Dans les actes politiques, cette approche ne semble pourtant pas très présente, comme le remarque Jean-Paul Fitoussi, qui explique ce décalage par le fait que "les gouvernements nationaux ne font que ce qu'ils mesurent, c'est à dire que ce que nous éclairons détermine nos actions, mais que ce que nous n'éclairons pas est totalement négligé. Le plus important à retenir si l'on parle de soutenabilité est que les générations suivantes doivent pouvoir faire au moins les mêmes choix que nous avons été en mesure de faire. Pour cela il faut que ces générations héritent d'un capital au moins égal à l'ancienne génération. Je parle d'un capital économique privé et public, mais aussi le capital social, humain et naturel. Donc, les mesures de soutenabilité doivent être faites par des mesures de ces différents types de capitaux de façon très précises et de toute urgence. Dans la période actuelle pour mesurer la richesse nous ne nous intéressons exclusivement qu'à la dette dette publique, alors que la dette publique n'est qu'une partie dans le bilan de la nation, et elle est au passif du bilan de la nation. Si en réduisant cette dette je mets en faillite des milliers d'entreprises, supprime des milliers d'emplois, détruis du capital humain, et comme le chômage est lié à l'intégration sociale, on détruit aussi du capital social, et si de surcroit nous n'avons plus les moyens de réparer l'environnement, baisse de la dette oblige ; en réalité on croira avoir gagné un point de PIB en moins de dette publique, alors qu'en réalité on aura perdu plusieurs points de richesse de la nation.

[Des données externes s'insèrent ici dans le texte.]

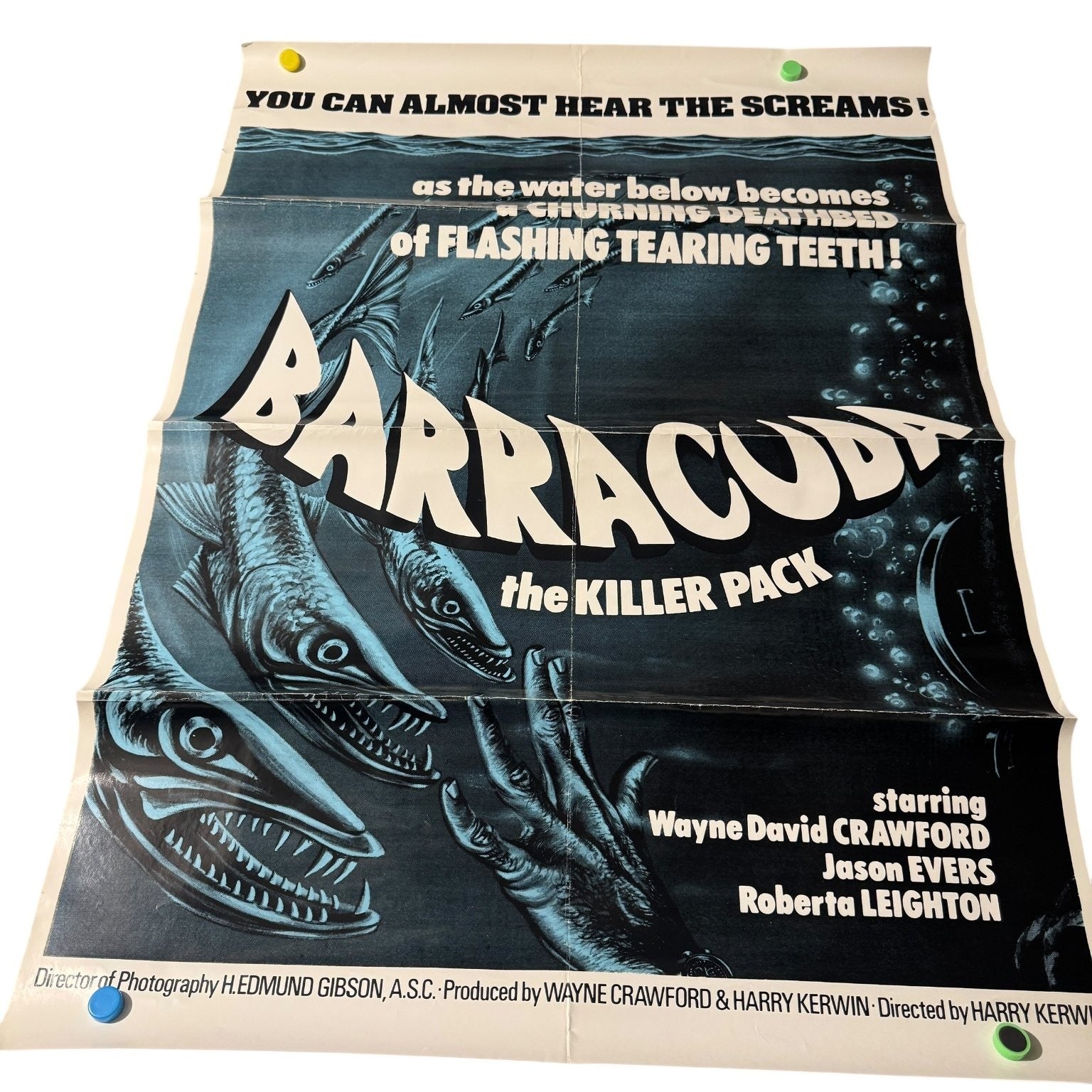 Barracuda 1978 One-Sheet Movie Poster Killer Pack Rare Advance Poster 27"x36"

C'est exactement ce qu'il est en train de se passer… Sachant qu'en plus, nos gouvernements nationaux n'ont aucune autonomie, ils sont obligés d'appliquer la feuille de route européenne qui dit "réduisez la dette et le déficit en pourcentage du PIB". Non pas en pourcentage de la richesse ou du bien être qui pourrait mener à des politiques radicalement différentes ! "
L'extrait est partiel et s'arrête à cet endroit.